Items from a data source
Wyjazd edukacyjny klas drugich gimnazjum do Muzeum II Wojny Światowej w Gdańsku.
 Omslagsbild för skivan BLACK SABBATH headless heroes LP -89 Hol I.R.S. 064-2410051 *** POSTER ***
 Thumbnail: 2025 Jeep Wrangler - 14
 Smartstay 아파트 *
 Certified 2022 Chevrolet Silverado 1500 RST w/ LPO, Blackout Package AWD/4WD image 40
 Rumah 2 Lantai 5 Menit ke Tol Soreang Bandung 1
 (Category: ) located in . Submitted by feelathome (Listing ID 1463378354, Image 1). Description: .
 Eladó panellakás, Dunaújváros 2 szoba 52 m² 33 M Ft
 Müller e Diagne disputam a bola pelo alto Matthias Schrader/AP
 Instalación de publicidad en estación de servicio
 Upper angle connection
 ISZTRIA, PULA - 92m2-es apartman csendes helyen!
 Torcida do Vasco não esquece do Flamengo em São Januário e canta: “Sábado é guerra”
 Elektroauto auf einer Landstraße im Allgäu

=== What you need to do ===
Set out exactly the lines from the one bearing "Eladó panellakás, Dunaújváros" through the end of the data, including both ends and omitting all others.

=== Problem solution ===
 Eladó panellakás, Dunaújváros 2 szoba 52 m² 33 M Ft
 Müller e Diagne disputam a bola pelo alto Matthias Schrader/AP
 Instalación de publicidad en estación de servicio
 Upper angle connection
 ISZTRIA, PULA - 92m2-es apartman csendes helyen!
 Torcida do Vasco não esquece do Flamengo em São Januário e canta: “Sábado é guerra”
 Elektroauto auf einer Landstraße im Allgäu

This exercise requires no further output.